The other SteamVR software available during my testing included four VR demo presentations from a company called 8i, a physics-based start-person construction puzzle game called Fantastic Contraption, and the Chore Simulator and Aperture Robot Repair demos I tried at CES. Resources for developers are available through Steam and HTC; the programming tools are all software-based, with the Vive Pre system itself serving every bit the hardware with which to test and build.
Vive Pre-Consumer
The Vive Pre experience is much more immersive and powerful than that of the Samsung Gear VR, which is the most cohesive consumer-available VR setup we've tested. Of course, the consumer-ready Vive costs more than both the Gear VR and a Samsung Galaxy smartphone with which to run it combined. That said, the Vive's much higher resolution, dedicated display, and more than advanced motion tracking and controls put it on some other level, i that we doubt whatsoever mobile-based VR organisation can lucifer.
The best comparing with the Vive Pre is the upcoming consumer release of the Oculus Rift, which I also used at CES and institute impressive. The Rift is less expensive at $600, simply it doesn't include the Oculus Touch motility controllers, which will be released subsequently the headset. It ultimately looks similar it will deliver a like expereince to the Vive Pre on paper, merely nosotros'll run into which headset is superior when we get consumer-ready models of both in for testing.

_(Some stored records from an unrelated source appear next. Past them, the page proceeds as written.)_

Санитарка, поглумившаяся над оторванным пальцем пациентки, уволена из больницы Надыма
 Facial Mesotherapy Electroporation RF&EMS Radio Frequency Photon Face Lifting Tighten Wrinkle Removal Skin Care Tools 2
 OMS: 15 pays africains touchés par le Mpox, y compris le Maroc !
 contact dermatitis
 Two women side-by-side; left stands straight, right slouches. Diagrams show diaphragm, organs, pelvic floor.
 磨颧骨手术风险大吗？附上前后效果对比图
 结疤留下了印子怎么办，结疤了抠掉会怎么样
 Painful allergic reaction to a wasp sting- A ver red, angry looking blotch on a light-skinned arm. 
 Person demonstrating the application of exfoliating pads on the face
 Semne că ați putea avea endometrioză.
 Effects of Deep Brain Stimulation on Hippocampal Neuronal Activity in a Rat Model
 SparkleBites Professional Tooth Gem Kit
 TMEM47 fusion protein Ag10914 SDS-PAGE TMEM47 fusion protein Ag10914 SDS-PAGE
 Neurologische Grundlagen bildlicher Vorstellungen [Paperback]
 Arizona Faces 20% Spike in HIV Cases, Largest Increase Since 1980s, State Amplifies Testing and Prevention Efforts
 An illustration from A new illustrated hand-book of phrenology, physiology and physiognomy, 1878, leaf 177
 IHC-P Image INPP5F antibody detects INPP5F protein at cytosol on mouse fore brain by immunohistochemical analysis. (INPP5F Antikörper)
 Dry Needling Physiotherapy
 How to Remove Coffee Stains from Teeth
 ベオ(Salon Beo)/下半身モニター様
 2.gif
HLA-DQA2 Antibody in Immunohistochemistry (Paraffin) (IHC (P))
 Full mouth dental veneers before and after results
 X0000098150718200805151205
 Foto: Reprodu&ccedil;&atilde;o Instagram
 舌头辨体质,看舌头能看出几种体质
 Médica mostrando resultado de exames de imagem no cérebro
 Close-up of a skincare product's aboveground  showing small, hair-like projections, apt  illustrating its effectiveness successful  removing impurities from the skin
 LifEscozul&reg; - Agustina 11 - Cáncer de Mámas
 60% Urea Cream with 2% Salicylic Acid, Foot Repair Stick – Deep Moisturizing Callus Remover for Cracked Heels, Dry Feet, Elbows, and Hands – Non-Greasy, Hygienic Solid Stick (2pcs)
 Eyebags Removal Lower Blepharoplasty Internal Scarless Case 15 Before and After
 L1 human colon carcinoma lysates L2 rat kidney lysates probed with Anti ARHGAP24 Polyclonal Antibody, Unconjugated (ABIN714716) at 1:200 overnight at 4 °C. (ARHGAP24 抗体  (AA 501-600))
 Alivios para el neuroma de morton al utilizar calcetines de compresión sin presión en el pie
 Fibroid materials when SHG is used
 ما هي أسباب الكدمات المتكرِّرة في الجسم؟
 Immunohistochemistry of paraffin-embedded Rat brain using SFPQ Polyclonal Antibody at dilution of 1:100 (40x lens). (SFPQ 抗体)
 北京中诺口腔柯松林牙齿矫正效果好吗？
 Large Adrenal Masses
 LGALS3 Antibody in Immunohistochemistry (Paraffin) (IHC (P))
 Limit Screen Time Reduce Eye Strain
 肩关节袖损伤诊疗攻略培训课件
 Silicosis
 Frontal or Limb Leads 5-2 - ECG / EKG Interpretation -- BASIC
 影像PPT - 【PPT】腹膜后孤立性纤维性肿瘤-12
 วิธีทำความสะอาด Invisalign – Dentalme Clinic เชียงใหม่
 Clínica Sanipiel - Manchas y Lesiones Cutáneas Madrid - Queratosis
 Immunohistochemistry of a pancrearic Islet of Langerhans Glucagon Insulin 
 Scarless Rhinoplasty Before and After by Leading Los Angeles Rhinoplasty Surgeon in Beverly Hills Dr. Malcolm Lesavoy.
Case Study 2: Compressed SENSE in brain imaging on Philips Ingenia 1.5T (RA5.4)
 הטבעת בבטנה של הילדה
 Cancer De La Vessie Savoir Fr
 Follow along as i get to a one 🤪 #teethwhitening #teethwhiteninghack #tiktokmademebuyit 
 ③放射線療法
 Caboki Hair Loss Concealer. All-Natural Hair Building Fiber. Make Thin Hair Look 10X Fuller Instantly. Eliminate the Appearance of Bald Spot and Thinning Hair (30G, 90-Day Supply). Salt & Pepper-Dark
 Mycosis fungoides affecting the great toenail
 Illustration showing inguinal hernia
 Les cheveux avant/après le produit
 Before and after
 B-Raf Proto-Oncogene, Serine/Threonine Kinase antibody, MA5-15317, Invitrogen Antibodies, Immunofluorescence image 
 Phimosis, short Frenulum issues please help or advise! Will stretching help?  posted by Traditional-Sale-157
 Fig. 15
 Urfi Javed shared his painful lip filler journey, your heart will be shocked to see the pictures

The HTC Vive Pre is all the same pre-release hardware, and HTC will likely tweak aspects of information technology before launching the consumer edition. But even as shipped, the Vive Pre stands as the most characteristic-consummate and comprehensive PC-based VR experience we've tested, and is genuinely impressive both in the immersiveness of the headset and the accuracy of the motion controllers. Since it's evolution hardware we won't give the Vive Pre a formal score, but it's certainly a sight to behold. Whether the consumer edition volition be worth the $800 investment or not depends on the dedication and pocket depth of the early adopter in question, also every bit the software available at the time of release.